Anyhow, and to cut what is developing into an extended tale short, it would appear that Alan had spent the first part of the day with Maiya at DigVentures’ HQ in Bethnal Green Road. It would seem they’d been talking about badly-written archaeology and hit upon the idea of a blog taking George Orwell’s wonderful 1946 essay ‘Politics and the English Language’ as its starting point. Being Alan, he had of course agreed. And with exuberant enthusiasm. Which made Maiya smile hugely. Smiles all round.
Then, and for reasons neither of us fully understood, he decided to walk to King’s Cross for his train back to Lincolnshire. Somehow his footsteps led him to that pub off Soho Square and now, several pints of London Pride worse for wear, he was telling me about his problem.
In essence, and as I knew only too well myself, Alan didn’t enjoy writing the English language (which is why, of course, I take it upon myself to recount his exploits in the world of crime for him). More to the point, he knew Orwell had written 1994 (as he believed), but he’d never actually read it. In fact he’d never read anything he’d written. Had I?
Yes, I admitted, I’d read almost everything. As a student, when I should have been reading the likes of Vere Gordon Childe, my nose was stuck firmly into The Road to Wigan Pier or ‘Shooting an Elephant’, not to mention Animal Farm. No, to me, Orwell is something of a god. And had I read ‘Politics and the English Language’? he asked. Is the Pope a Catholic? I almost knew it off by heart. So that’s why it’s me, and not Alan, writing this blog.

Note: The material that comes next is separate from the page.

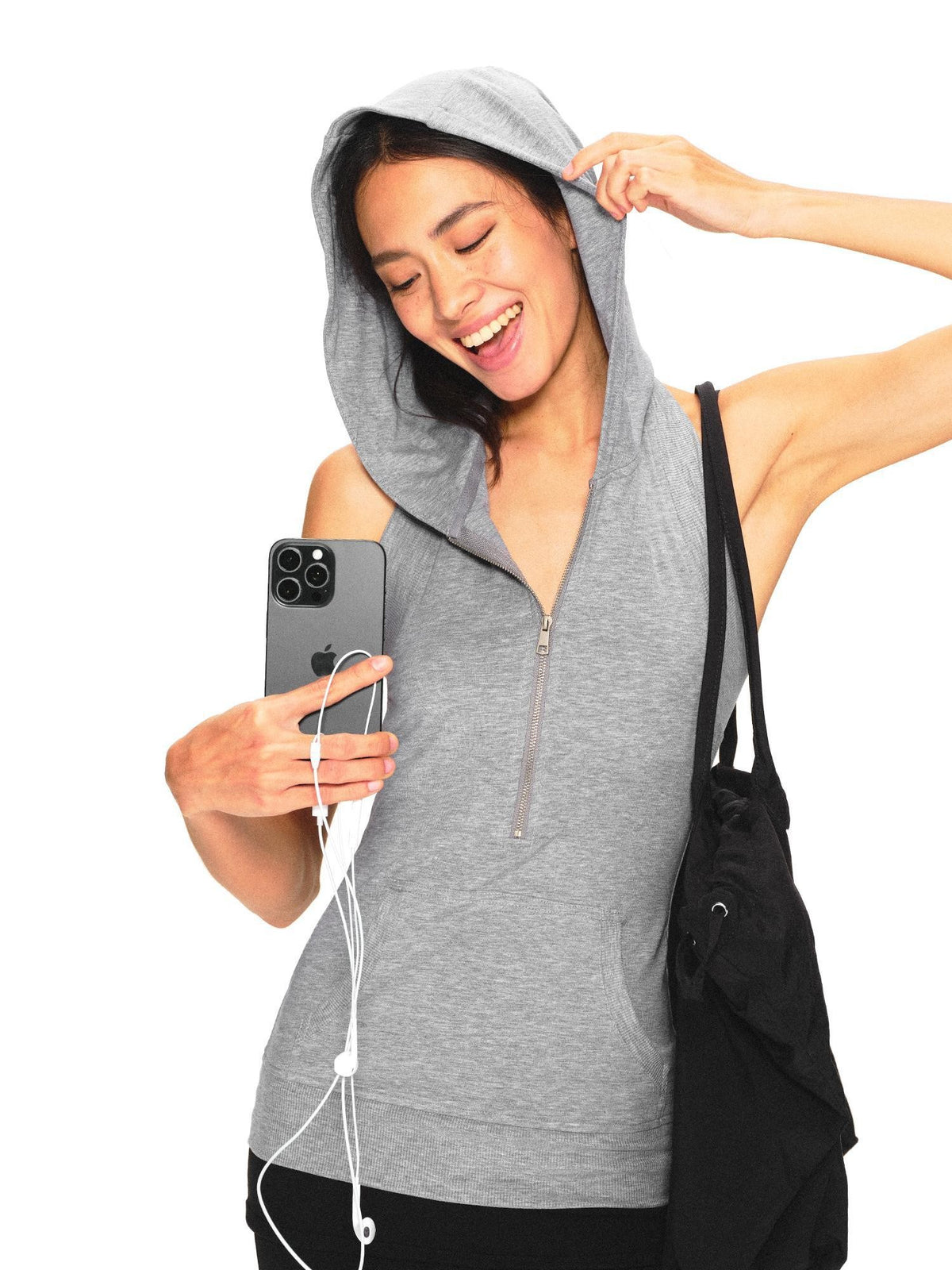 kvkv Light Gray Open Back Zip Up Hooded Lyocell Women&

My version of Orwell’s essay is taken from the definitive four volume collection of his letters and essays edited by his wife Sonia Orwell and Ian Angus. It’s even got its original, if rather moth-eaten, dust-jacket (see picture). This was published in 1968 and I bought my copies in 1969. In essence, Orwell believed, and quite rightly in my opinion, that sloppy writing leads to sloppy thinking, because you never really have to address real issues head-on. As he put it:
‘A man may take to drink because he feels himself to be a failure, and then fail all the more completely because he drinks. …Rather the same thing… is happening to the English language. It becomes ugly and inaccurate because our thoughts are foolish, but the slovenliness of our language makes it easier for us to have foolish thoughts.’
Then he goes on to lambaste contemporary politicians, of all parties. It’s a cracking good read, and still applies 100% to the slick-looking management-speaking automata who consider themselves the Westminster elite.

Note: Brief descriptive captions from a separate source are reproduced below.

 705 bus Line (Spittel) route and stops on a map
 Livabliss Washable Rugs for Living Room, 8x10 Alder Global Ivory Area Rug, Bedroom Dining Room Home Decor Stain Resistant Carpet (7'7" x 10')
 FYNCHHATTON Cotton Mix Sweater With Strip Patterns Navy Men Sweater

Sadly, archaeology has been heading in the same direction, too. Of course there are exceptions (and I’m thinking here of people like Mike Parker Pearson, Josh Pollard and Vince Gaffney, to name but a few), but regrettably they are the exceptions that prove the rule. I’m afraid things started to go wrong badly in 1968, the same year that Orwell collection was published, when David Clarke produced Analytical Archaeology. Have a taste of its delights:
(iii) The fluctuations and oscillations in the quantitative ontogeny of numbers and combinations of artefact-types and assemblages may be viewed as only part of the qualitative change and oscillation of the system of intercorrelated types as a structured constellation changing with time.
Quite. But David was no fool, and his work was translated into excellent English by Bob Chapman for the 2nd edition, ten years later. Unfortunately for us, Analytical had set a trend that is still alive and yawning.
Indeed, in some academic institutions it’s the sort of punctuation-free English you’re expected to produce. The past ten years have seen many contract archaeologists churning out formulaic prose, that in its own lacklustre way, is just as bad. What worries me profoundly is what Orwell feared: our work becomes as redundant as the language used to report it.